After his comments yesterday, I have to wonder whether Alabama linebacker Will Anderson has considered a career in comedy. I mean, only if this whole football thing doesn’t work out for him. It’s only the Crimson Tide he plays for, after all, so I wouldn’t really be putting all my eggs in one basket if I were him. At least Anderson is aware of that reality — as he told reporters yesterday, “I still feel like we’re the underdog in this game. All year we’ve been disrespected. I’m pretty sure we’re probably getting disrespected out there.” Yeah, I’ve been saying for years that Alabama’s biggest issue is dealing with all the disrespect out there.
The most impressive thing about this entire situation is honestly the reporters’ ability to keep a straight face after that comment and not assume that he was doing some sort of convoluted joke that only half landed. Unfortunately for the academic standards committee at the University of Alabama, Anderson was dead serious. Yes, he actually claimed that the preseason No. 1 and current No. 1 team with a Heisman quarterback, a team going into its eighth CFP appearance as a 13.5-point favorite, is the underdog.
Alabama’s whole thing is that they’re never the underdogs. They’re not humble about winning. They expect to win. Nick Saban doesn’t even do the whole Dabo Swinney aw-shucks-God-is-good-we’re-just-a-little-football-team-from-nowhere act.

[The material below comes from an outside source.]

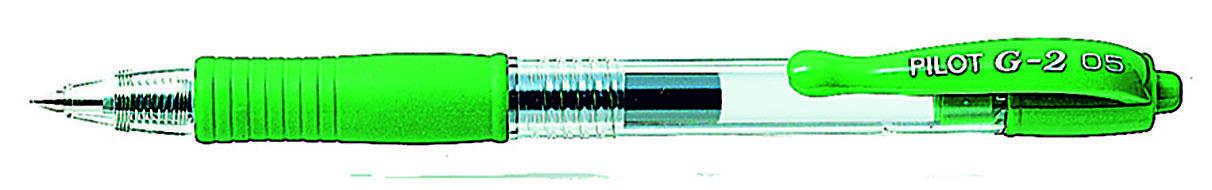 4902505166532 - Gelschreiber BL-G2-5 grün transluzent 03 mm mit Druckmechanik 4902505166532 Pilot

He knows that we know that he expects to win. So I’m not really sure where this narrative is coming from — especially when we recall that the Crimson Tide are playing Cincinnati on New Year’s Eve, a Group of 5 team that barely made it into the playoffs after, you know, actually being disrespected all year (and in years previous).

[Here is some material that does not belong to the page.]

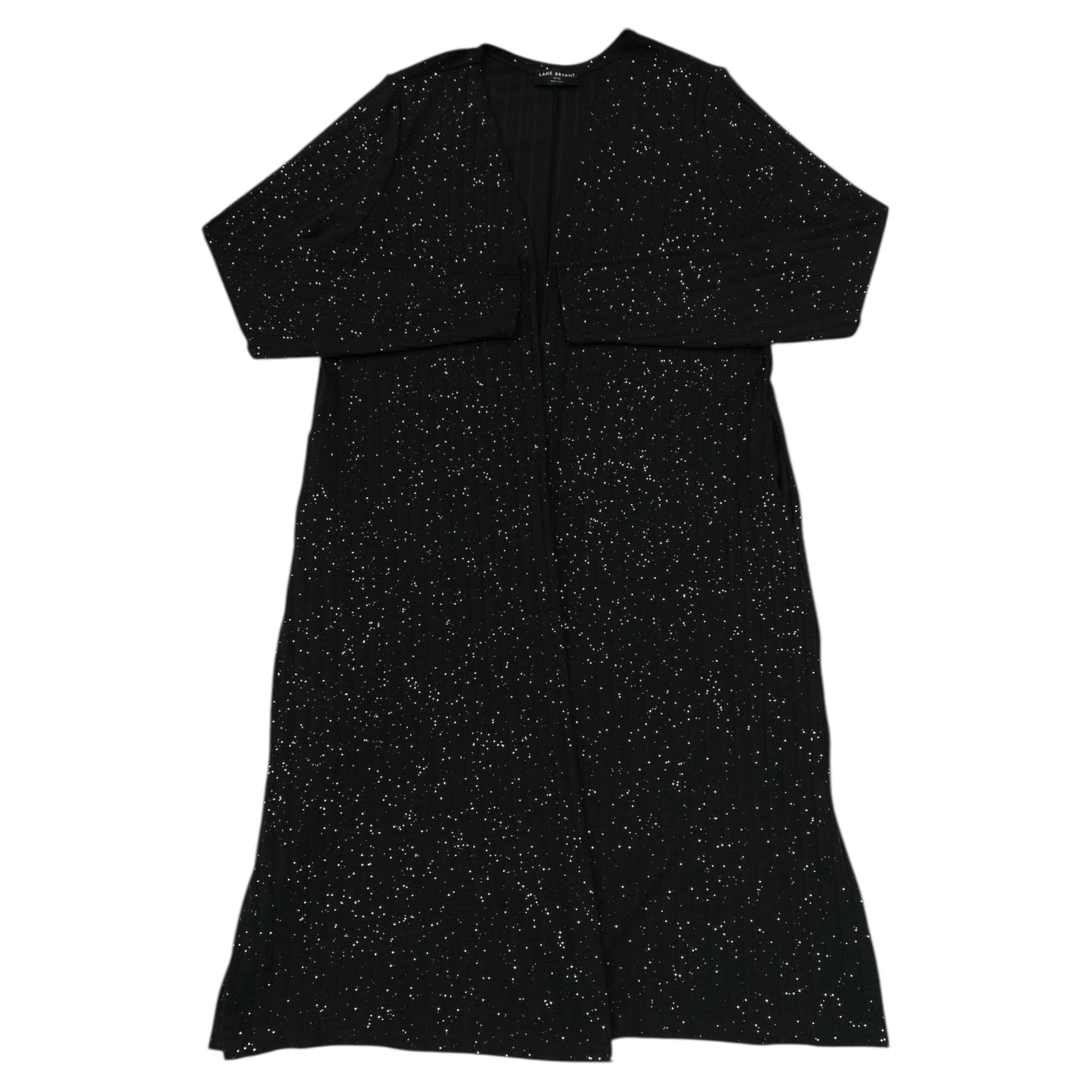 Sweater Cardigan By Lane Bryant In Black, Size:10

It could be that the team finally got around to watching The Last Dance and decided to take some cues from Michael Jordan’s choice to perceive nonexistent slights and rivalries in order to motivate himself. Anderson’s comment was a follow-up to another teammate’s comment, made last week, that Alabama was adopting an “underdog mentality.” And Tide quarterback Bryce Young, who (very predictably) won the Heisman, said in his acceptance speech that he “had always been ruled out and doubted.” As the starting QB at Alabama?
These comments are harmless, if a bit confusing, and pretty funny. But here’s where I have a question: Why take this tack now? Bama’s been winning without needing some false “underdog” mentality for years under Saban, and as they say, if it ain’t broke, don’t fix it. So is there something that needs fixing? All season, Saban was insisting that this team was young and unprepared, and that the other shoe would drop if they didn’t get their act together. And it did, against Texas A&M, which Saban has acknowledged was a much-needed wake-up call. But after taking care of Georgia with shocking ease and coasting into the playoff with the top seed, what good does the underdog narrative do for a program built on sheer, unapologetic confidence in their own strength and ability to win? It could also be that they adopted the underdog position against Georgia and it worked for them, so they’re trying it again. Who knows?
The interesting thing about this matchup is that Cincinnati actually seems to be rebelling a bit against the much more accurate “underdog” label for themselves. Junior lineman Dylan O’Quinn told the press, “We’ve heard a lot about this David versus Goliath talk, but the fact of the matter is everybody puts their pants on the same way. Everybody plays football, so we just want to go out and be us.”
The Bearcats will face Alabama in the afternoon slot on December 31.